Discussing my advice to people who are artists and want to “make it” I was tripped up for a second. It’s easy to tell someone all the ways they can get attention and publicity. We can all be networking gurus and crazed publicity whores, but then I wonder if people realize that is as far away from the point as possible. As I said on the show, once you try to get the spotlight you realize it’s a lot of work for something that usually turns out to not even be you. The key for me was giving up trying to get attention and just doing what I do for me. It’s terribly tacky and something people have been saying forever, yet so very true. You do what you want to do and if other people want to watch then let them watch!
The key to The Artist D’s success is that I’m The Artist D no matter if anyone is watching or not. I’d write this and put it on my blog if TGForum didn’t want it (if you didn’t want it). I’d broadcast my show every week even if I knew only three people were listening. Videos? I’d do those too, one hit or one hundred. The vision was real when I was a little boy performing alone in my bedroom pretending I was Madonna in front of a huge stadium. I guess some people are just good dreamers and a dream should be all we need to keep us going. It shouldn’t be the fanfare. Of course, a dream is usually all we do need. It’s what drives everyone to be anyone. More importantly it holds a lot of us together through all the crap that is heaped on top every day by every facet of society that should not be.

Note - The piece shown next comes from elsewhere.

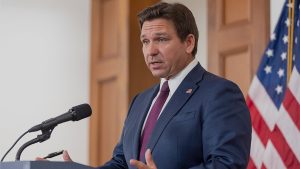 Ron Desantis Stands At Podium.jpg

Express yourself and be yourself is the only answer. Is life worth living without loving, screaming and going wild in the ways you desire? We within the transgendered circle understand this more than most. There are too many people hiding under the wrong clothes or the wrong body hair. How many of the contributors of content across TG publications center around the topic of hiding, sneaking, skulking about trying desperately to escape from under stigma? Too many and it’s all in an effort to express ourselves. That may not be in day to day life, but it’s somewhere. It’s the night out every other week or going away on “business” to spend a week with the girls at The Keystone Conference.
We are free to be whoever we damn well choose and if you choose you can have the freedom you desire. It is harder said than done for many, but not impossible. If I am now seen as someone who has made it somewhere and done something of worth by expressing my true self then so be it. That’s fabulous and I can’t be more proud of the things I’ve done. Yet at the end of the day I’ve only been being me. As it really is the only way to respect ourselves. To express ourselves.
The Fabulous D Show returns to the air with Season 5 – April 15 2012 – broadcasting LIVE and around the globe on various stations. Stream it all from TheArtistD.com Sundays at 7 PM EST / 12 AM GMT starring The Artist D & Vanilla Child. It’s a fabulous revolution of graffiti, guns and gender!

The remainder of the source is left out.